# Couple Exotics



## Jdsixtyone (May 1, 2013)

Haven't posted for awhile so I thought I would. Today I managed to get some time off training and popped into a local pet shop. I have to say some of the animals they have here are pretty cool and I thought I would share a few photos with you guys! 

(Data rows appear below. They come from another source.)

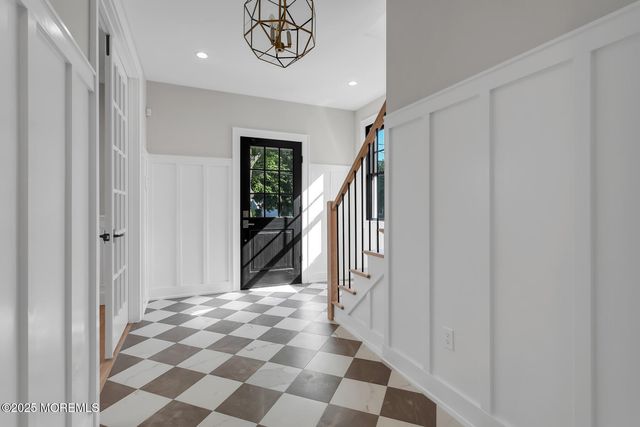 121 Black Point Road, Rumson, NJ 07760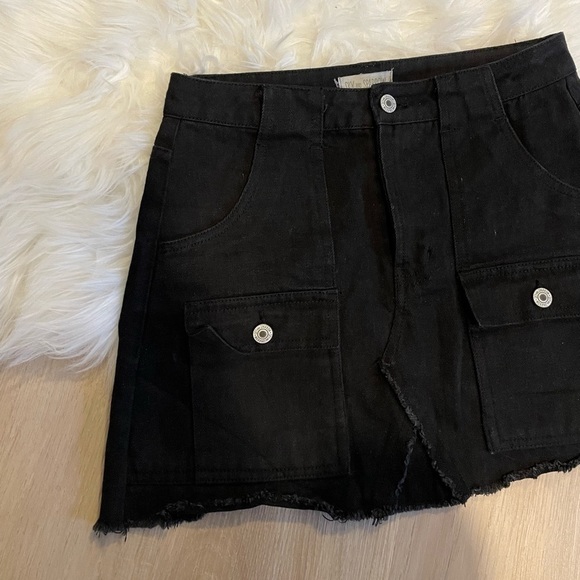 𝅺Sky And Sparrow Black Denim Mini Skirt - Picture 3 of 10
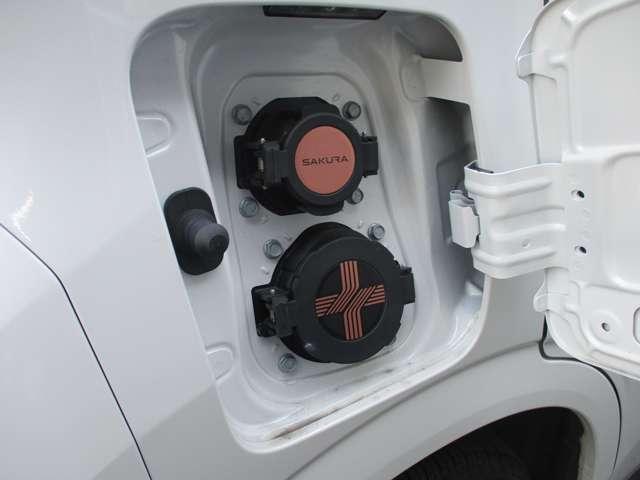 �[�d�|�[�g�͉^�]�ȑ�����ɂ���܂��B���ʏ[�d�͏㑤�A�}���[�d�͉����ɂȂ�܂�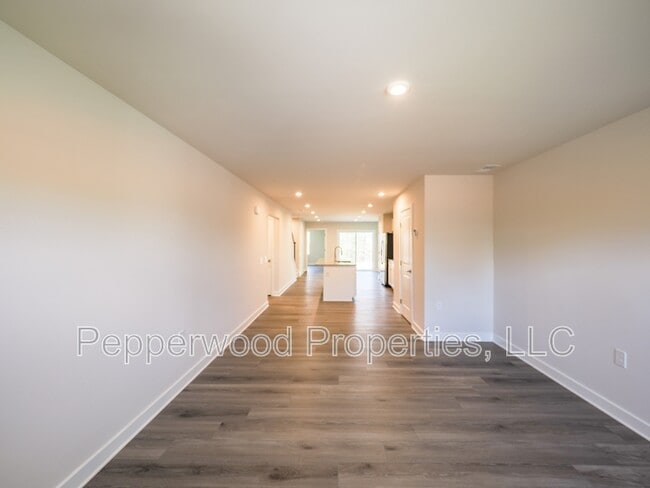 Building Photo - 4555 Duparc Way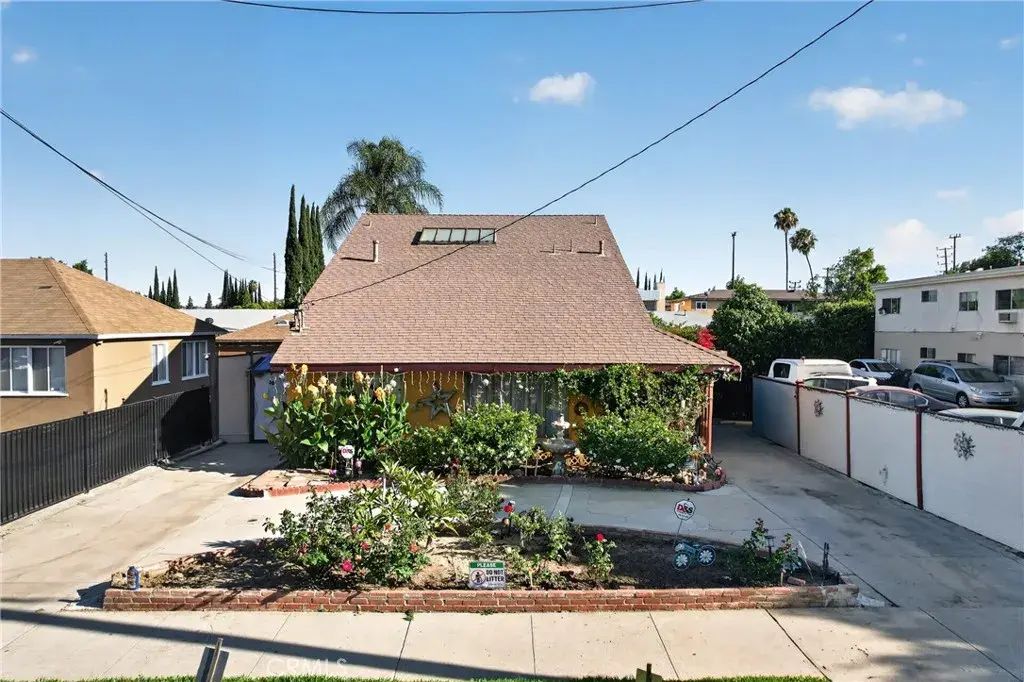 16042 Kittridge, Van Nuys
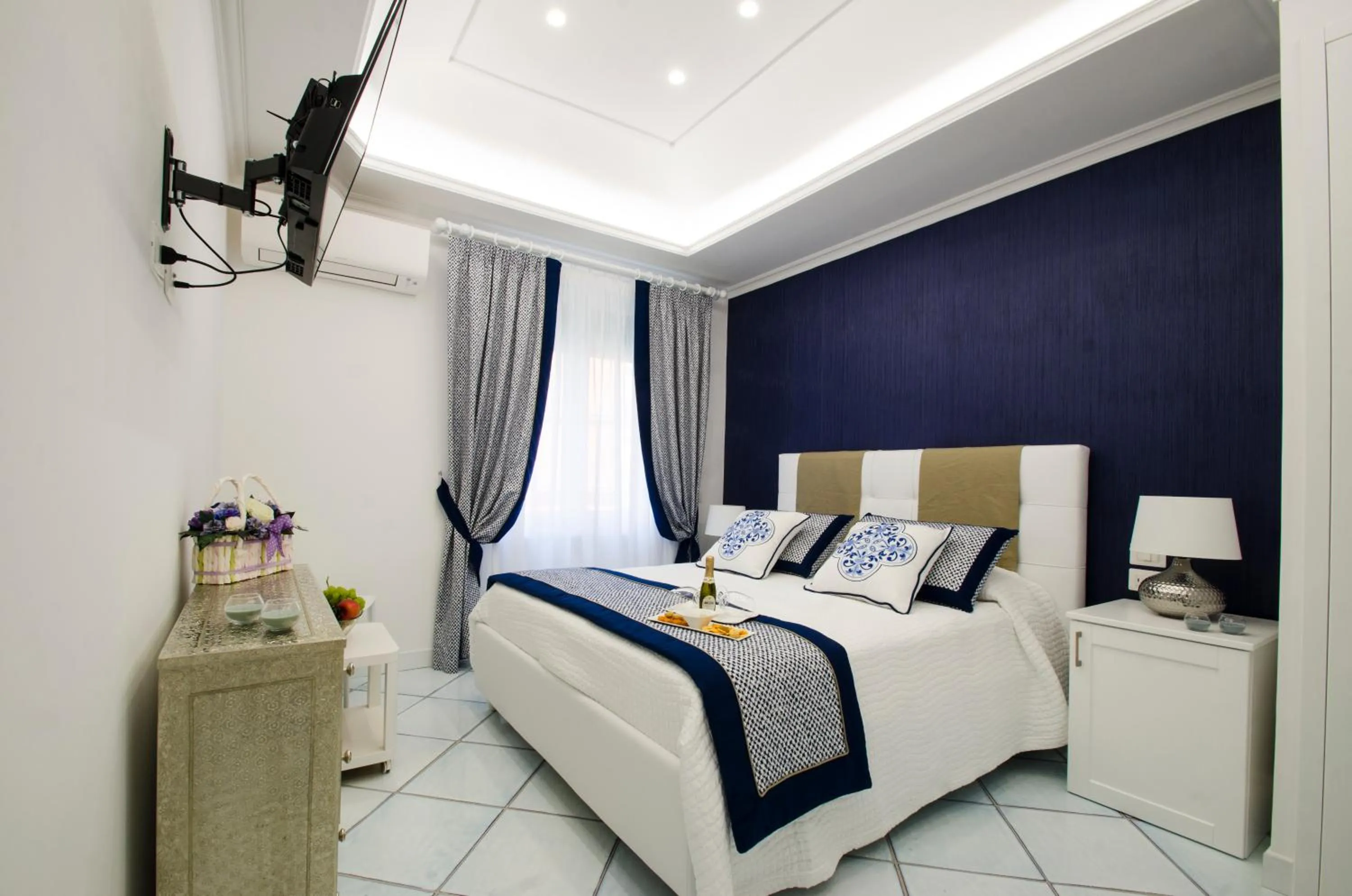 Photo of the whole room, Bed in B&B Maiori Luxury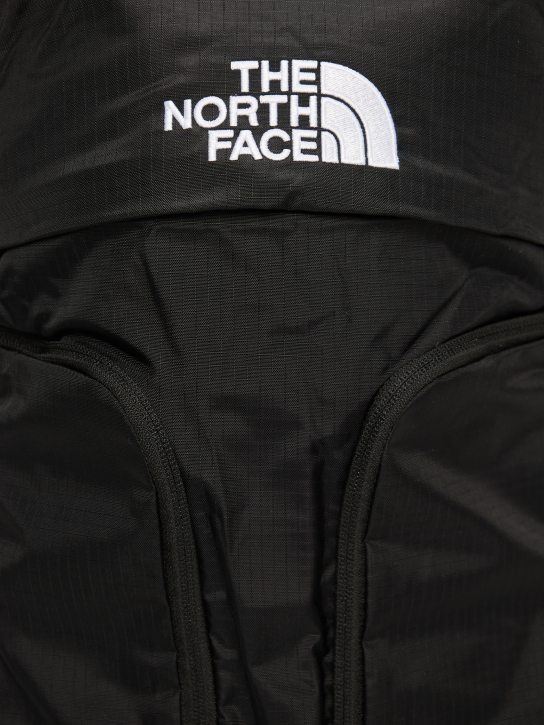 UNISEX ΣΑΚΙΔΙΟ ΠΛΑΤΗΣ SURGE 3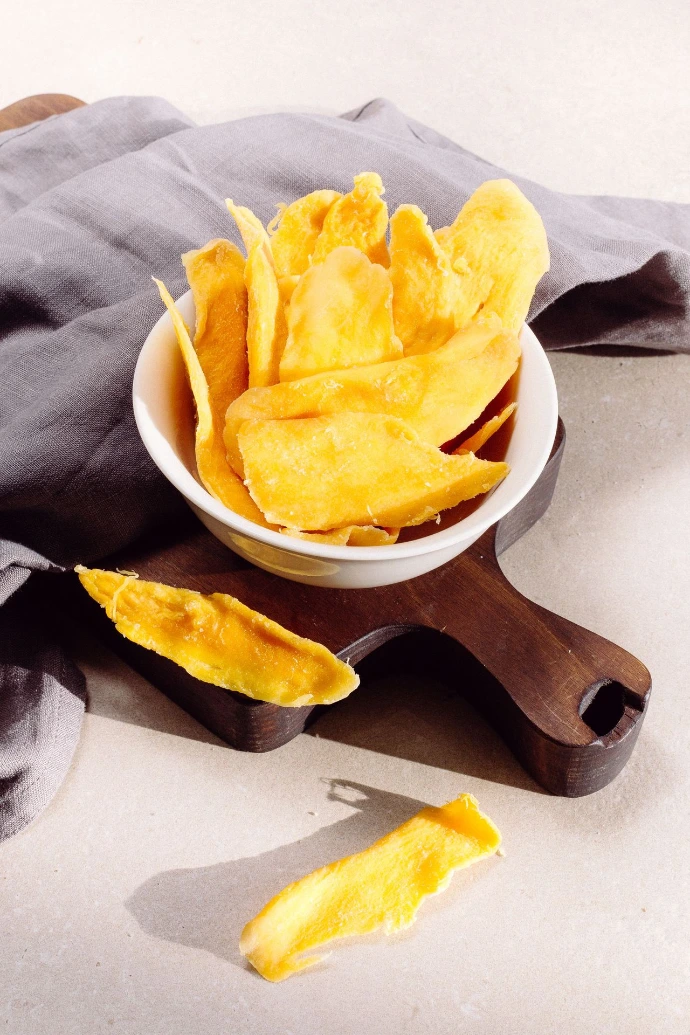 Tranches de mangue séchée bio dans un bol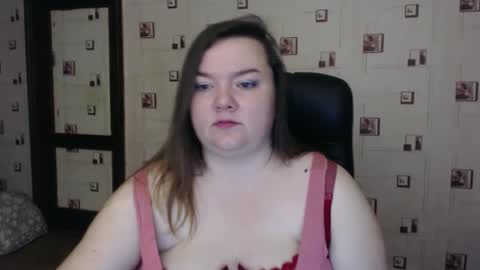 renataoia online show from 12/16/24, 04:27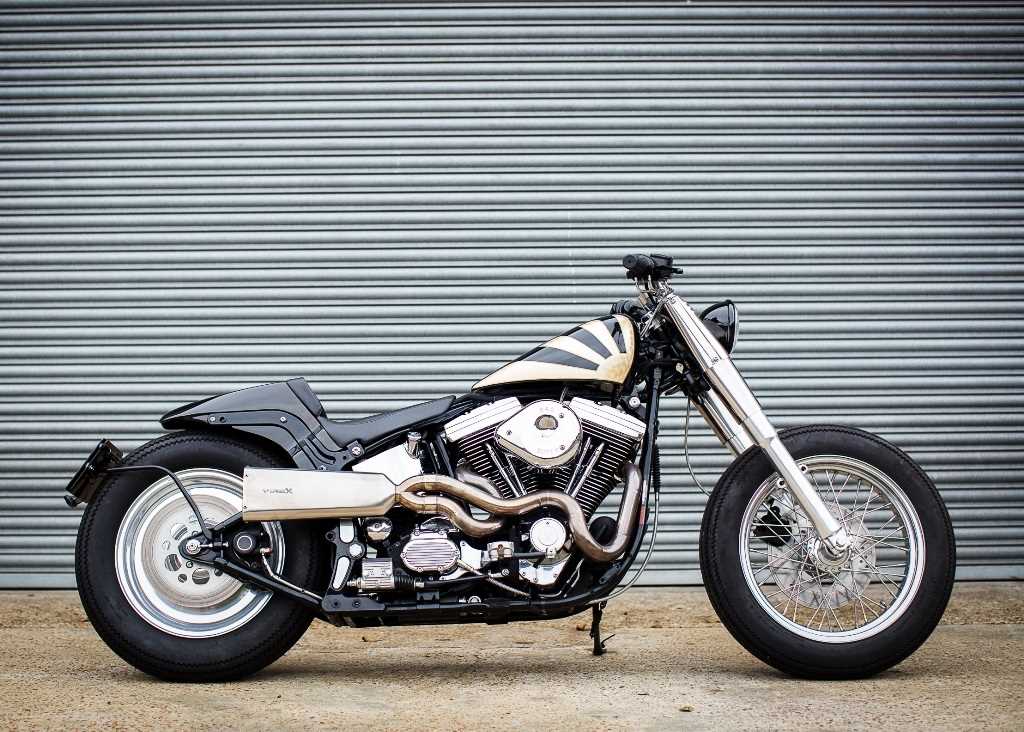 Click for high resolution Lot 101 - 1999 Harley-Davidson Heritage Softail Classic FLSTC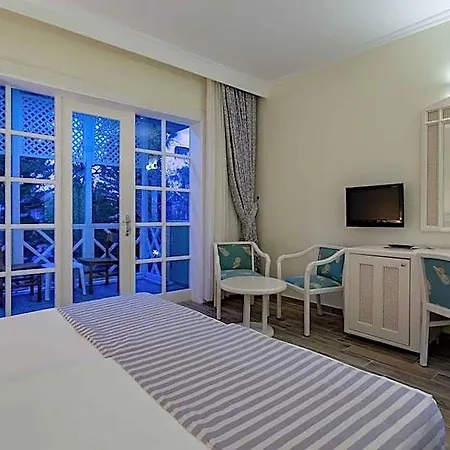 Asteria Family فندق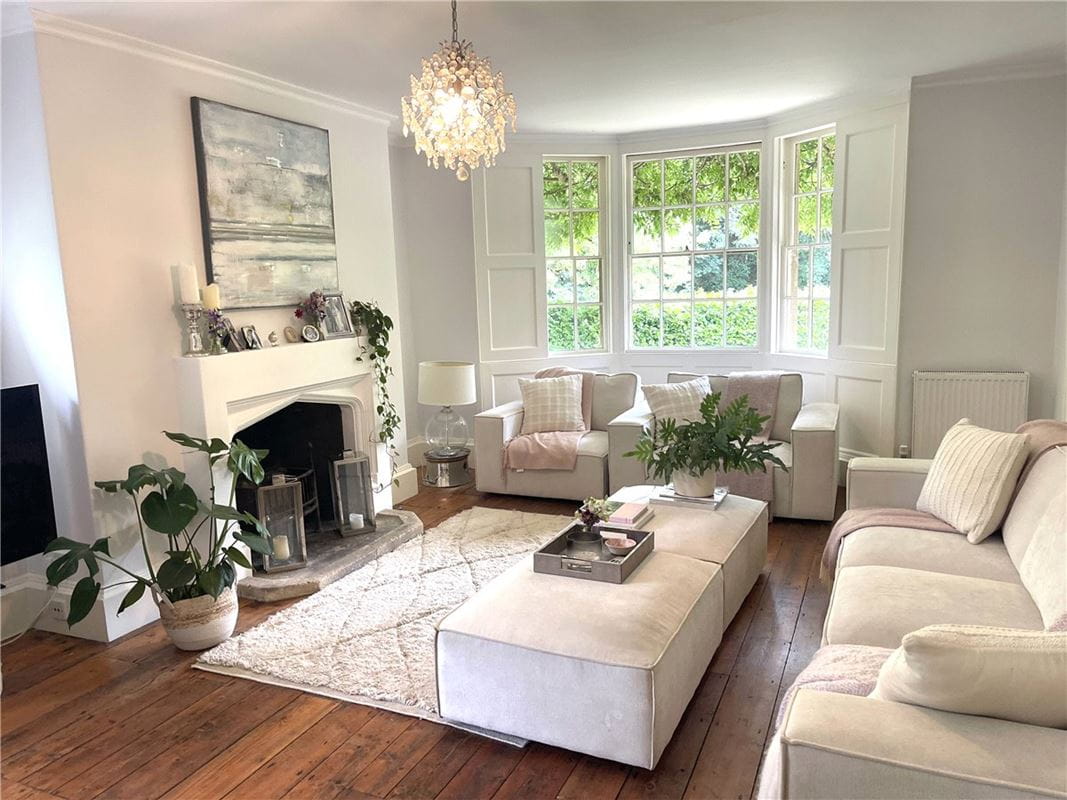 5 bedroom house, Middlehill, Box SN13 - Available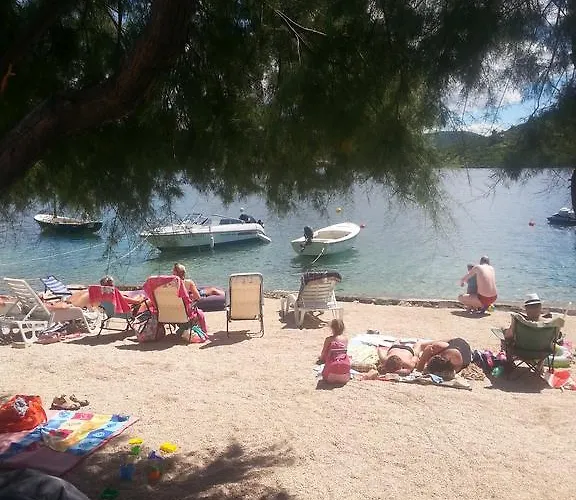 Milenka Rogoznica (Sibenik-Knin)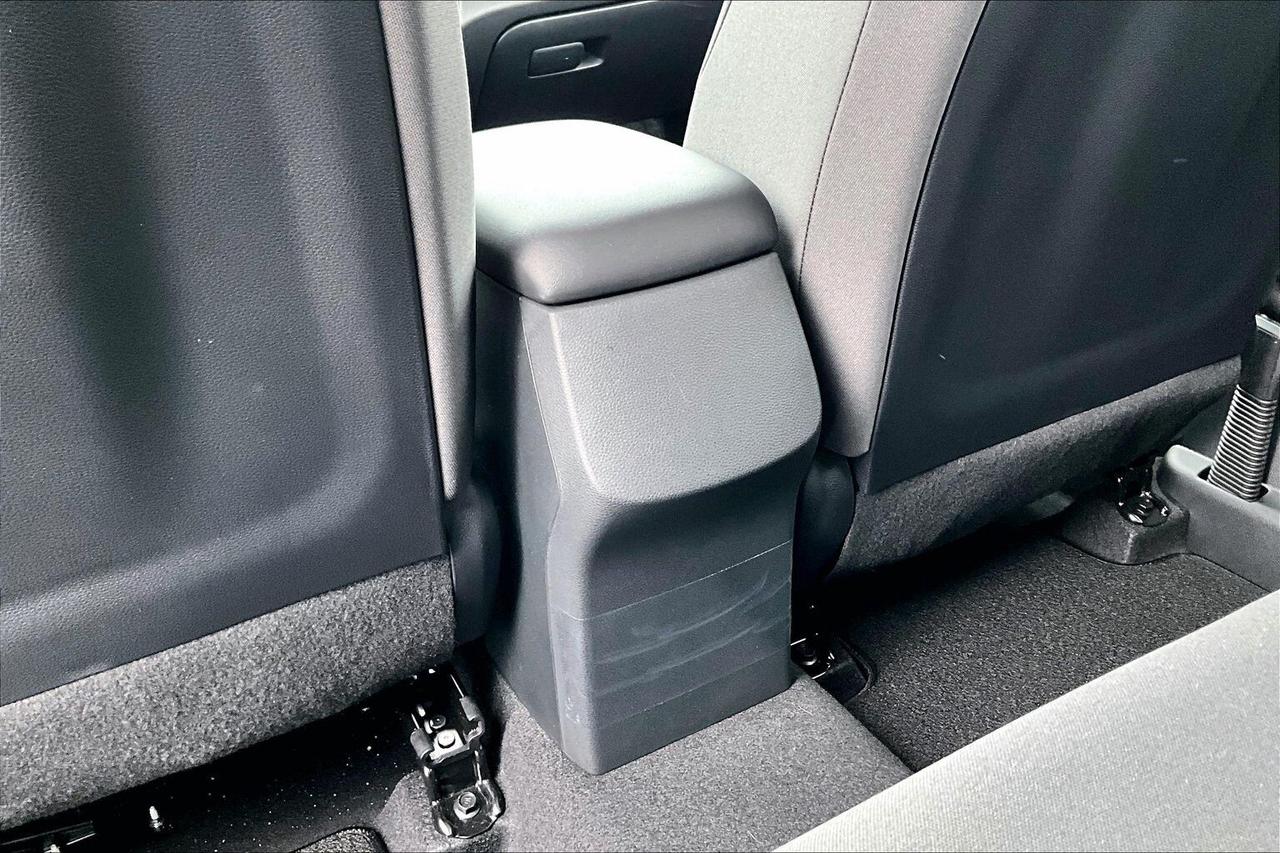 2026 Kia Seltos LX AWD   HEATED SEATS   BLIND SPOT ALERT   CARPLAY Photo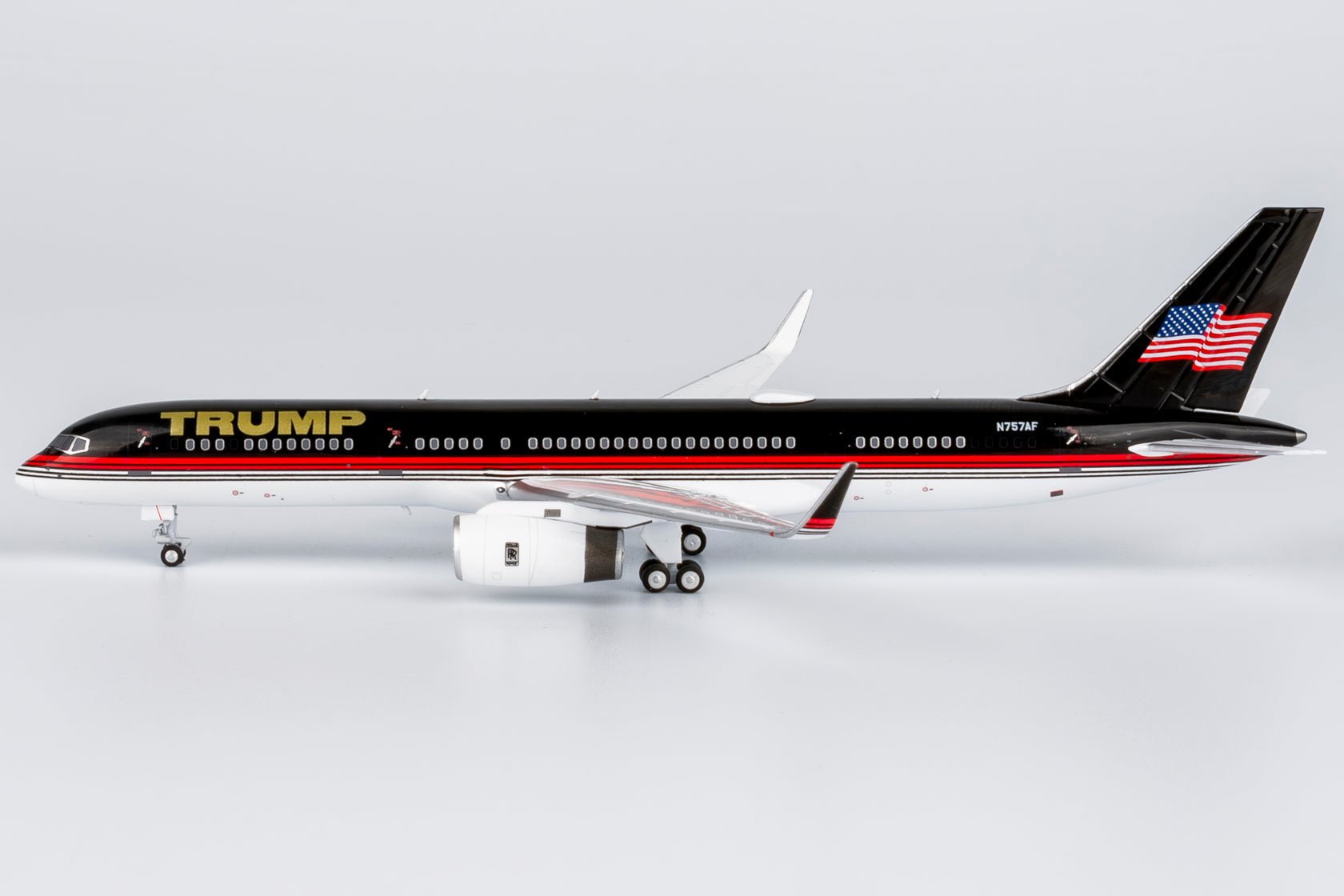 NG Models 53208 1:400 The Trump Organization 757 - 200/w N757AF (with national flag on tail)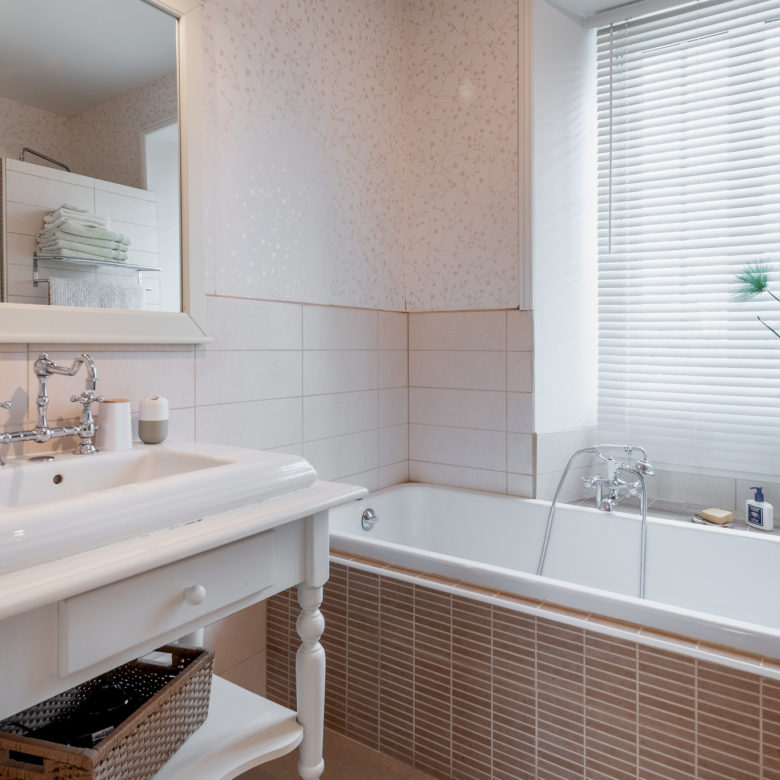 10 MIN DE VILLERS BOCAGE CHARMANTE MAISON de 10 PP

(Here's a photo of my home away from home.)


----------



## Shotta (May 1, 2013)

awesome !! thanks for sharing!!!


----------



## saintanger (May 1, 2013)

love the beardies and frilly pic.


----------



## ericrs (May 1, 2013)

what kind of racing you doing at the moment? i assume tha is a trailer your in. judging by the tiedown rails on the floor and the k&n air filter foam in a can .


----------



## bohdi13 (May 1, 2013)

awesome boas and euromastyx (not sure if right spelling)


----------



## JM1982 (May 1, 2013)

Love the boas, thx for sharing!


----------



## Jdsixtyone (May 1, 2013)

@Ericrs - Yes, you're correct that photo is inside the semi and the form of racing is Motocross but we're currently in the Supercross season.


----------



## beardedman (May 13, 2013)

NOOOOOO WAY U HAVE UROMASTYX AND CRESTIES if someone offered me either of those i would buy them i dont care if there exotic they are my dream reptile


----------



## sharky (May 13, 2013)

Oooh! Love the iggies ^.^ Super jealous mate  Enjoy the new species you can get over there! So much variety


----------



## Ambush (May 13, 2013)

Take a look at Reptile Island in Cali. Had some great varieties. Nice Pics. I miss California.


----------